The underframe details are very visible on these cars since the side sills actually extend above the deck. Athearn has included all of the piping and rods. Individual parts are all finely detailed. The handbrake and chain casting is amazing.
Athearn held nothing back when detailing the deck of this car. It is far and away better than any model of this flat done before. As finished, the deck comes painted in a striking white paint. Most modelers will want to do some extensive weathering here to tone it down. Flat car decks are notoriously gritty.
Athearn has long set the standard for paint and lettering. The thin and even paint on this car helps maintain the high quality of the castings. Even with multiple color layers, the paint is prototypically thin. The white-on-black letters are slightly less opaque than I would like (this is a common problem on models.) The reporting marks and number are a little fuzzy. But after the car gets a good coat of dirt and road-grime this will not be an issue.

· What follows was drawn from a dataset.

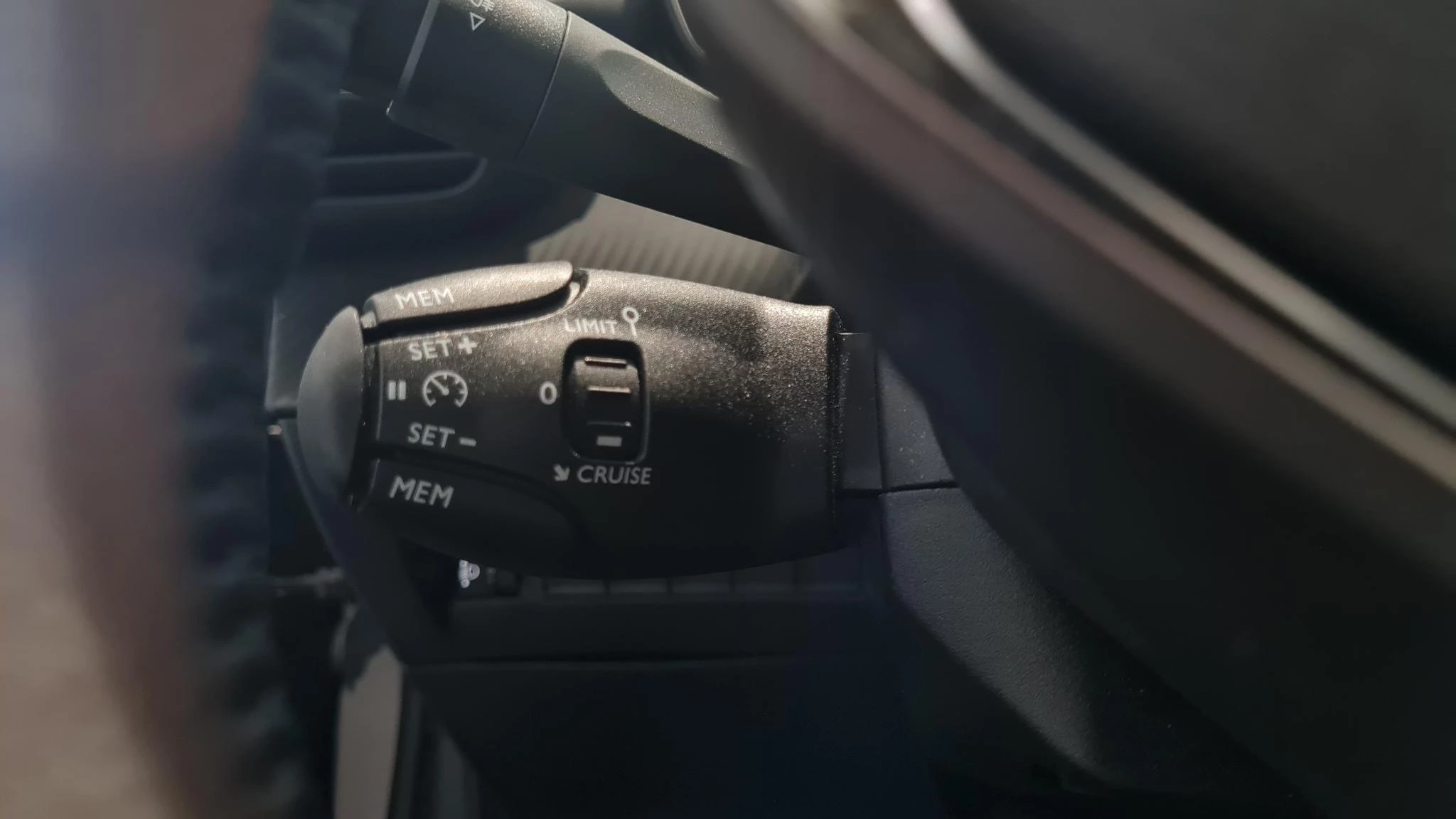 Peugeot-208-image-17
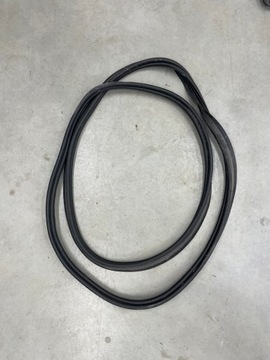 Прокладка крышки багажника q5 80a оригинал идеальная фото №1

All of the small lettering, including on the supports for the hitches (!) is clear and readable under magnification.
"TTX" Version Details
The TTX cars were common from the 1960s into the early 1990s, but much less so in the later years as cars were re-equipped to handle more common 45' and 28' trailers. Cars could be found in th original 1960's era boxcar red Trailer Train scheme, yellow Trailer Train paint, or the TTX corporate scheme which began showing up in 1992. Athearn has done 4 roadnumbers in each of these schemes in the first release of the F89F.
Details for this car include ACF type 2 hitches, medium-length steel deck risers and a high-profile handbrake and standard carbody wo/ rubrails. The TTX-painted version I purchased has brackets for bridge plates, but the plates themselves have been appropriately removed. Earlier paint schemes include the plates. Two collapsed hitches are also included and can be easily substituted on the deck.

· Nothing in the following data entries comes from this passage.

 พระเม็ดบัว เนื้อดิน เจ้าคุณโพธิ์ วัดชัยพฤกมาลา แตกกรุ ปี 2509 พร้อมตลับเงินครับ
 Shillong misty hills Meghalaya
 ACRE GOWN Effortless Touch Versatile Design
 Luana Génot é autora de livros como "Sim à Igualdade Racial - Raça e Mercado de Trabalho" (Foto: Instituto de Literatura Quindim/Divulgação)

In addition to the TTX black patches, a close look at the paint on the TTX repaint version reveals darker yellow patches over the "old" paint and data. A nice touch that can be further accented with some appropriate weathering.
The Best is Yet to Come
A look at the detailed parts sheet included with this first release provides some insight into what lies ahead. It was no secret that Athearn would be doing multiple variations of this car, but who could have predicted the extent to which they would go to get each variation right?
Athearn's part sheet shows 8 distinct carbody variations. These include sill and deck changes and even the TTEX "wide body" cars. Additionally, there are no fewer than 10 different hitches (plus collapsed and raised versions) and lots of other smaller detail options to further customize the different carbodies. These include handbrakes, deck risers, grab irons and stirrups, bridge plates, even airline variations.

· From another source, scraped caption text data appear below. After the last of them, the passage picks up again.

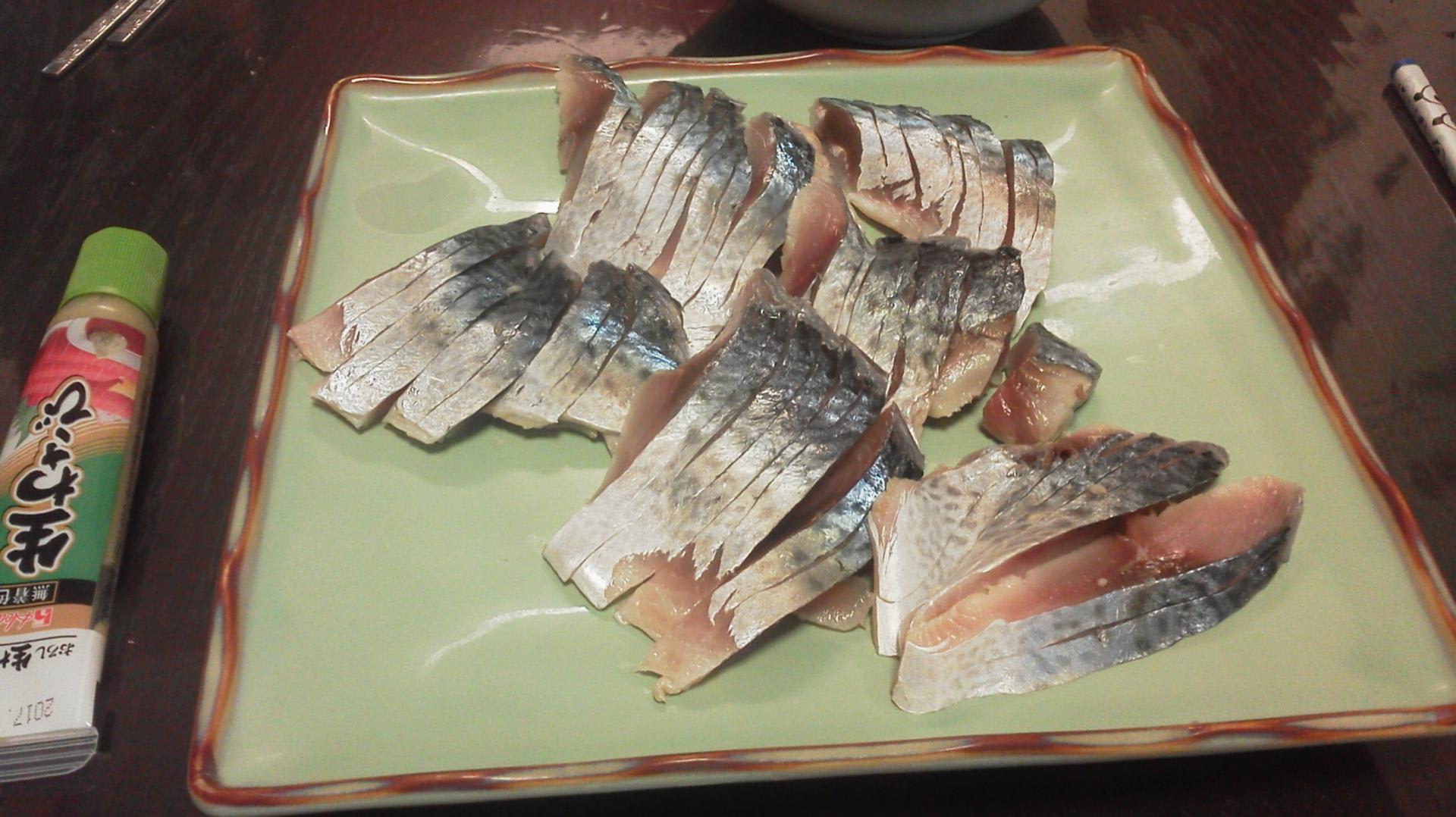 自分で釣った魚は激ウマ 美味ゴマサバを使った しめ鯖 拓栄建設株式会社 社長のブログ 自分で釣った魚は激ウマ 美味ゴマサバを使った しめ鯖 拓栄建設株式会社 社長のブログ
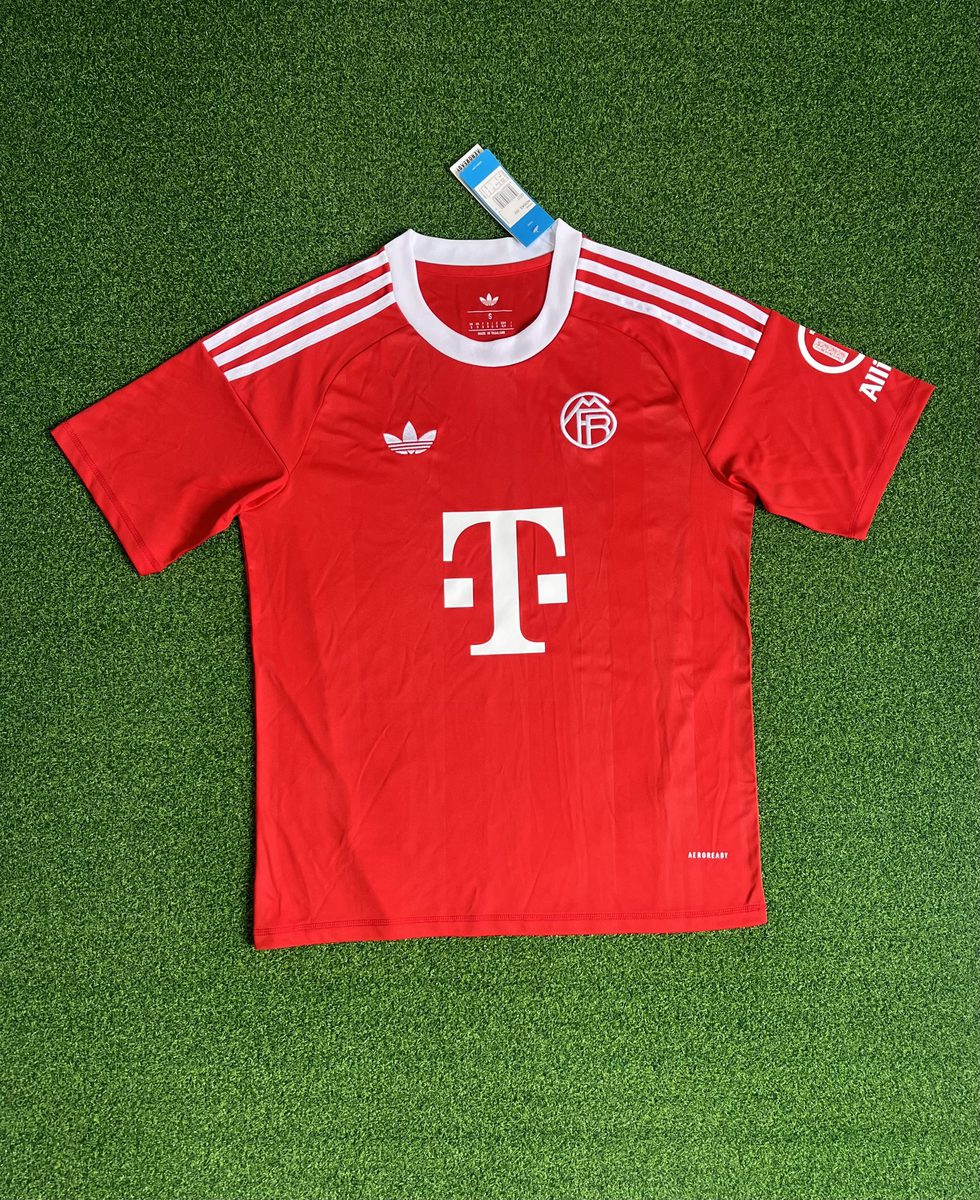 Bayern Munich 2025-26 Goalkeeper Jersey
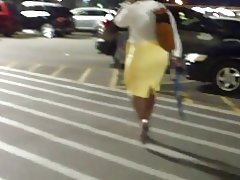 Pana makalio, milf tight njano skirt..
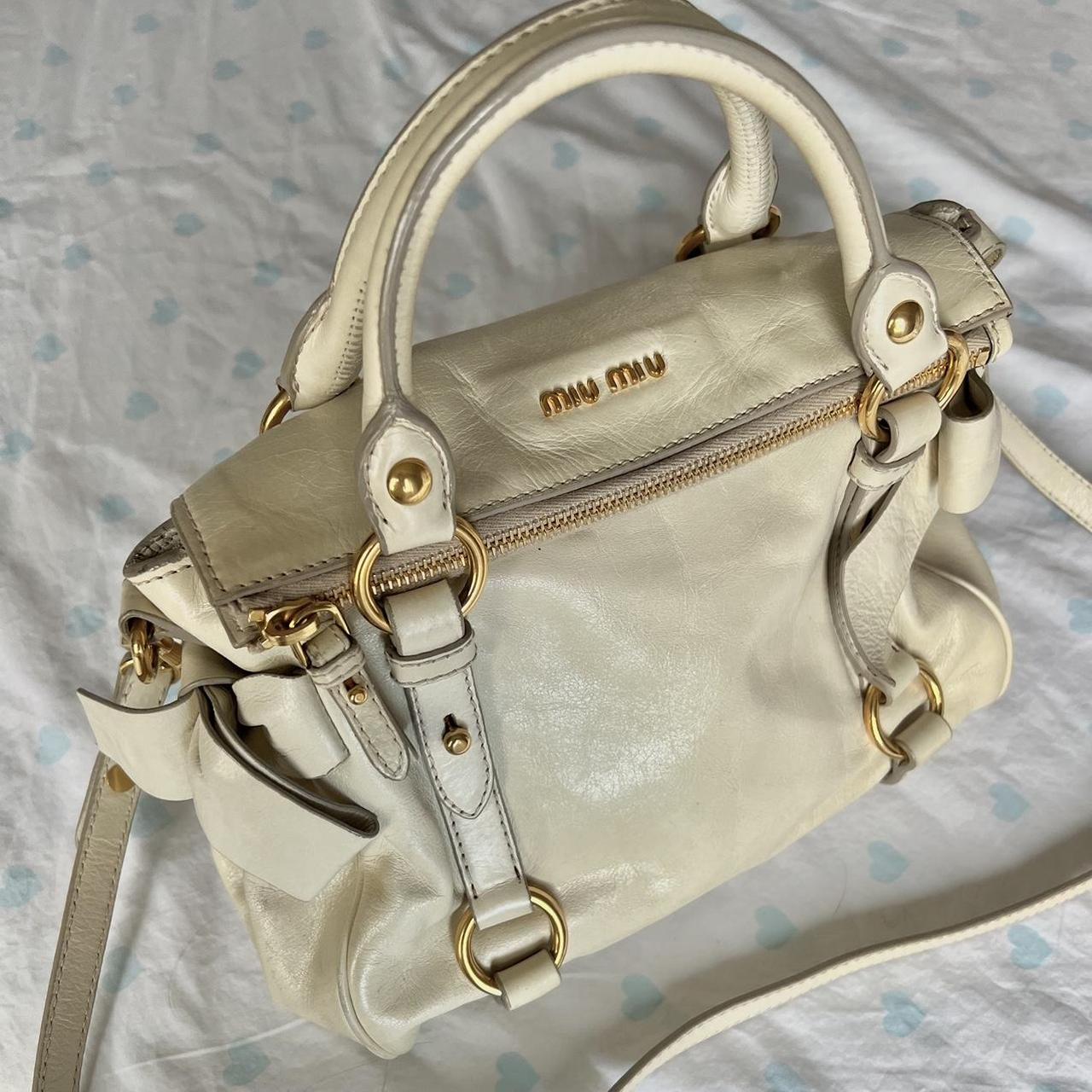 🌺🩷 Authentic Cream Miu Miu Vitello Lux Bow Bag With Gold Hardware🤍🗻 🤎🌆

What Athearn has done is not creating a great model of a common protoype...they've created at least 8 great models. I'm sure that the kitbashers and freight car enthusiasts will use these cars as the starting point for even more modifications to replicate specific cars. But to their credit, Athearn has already done a lot of the hard work for us.
Look for all of these variations, and maybe more, to come out in subsequent releases in the coming years.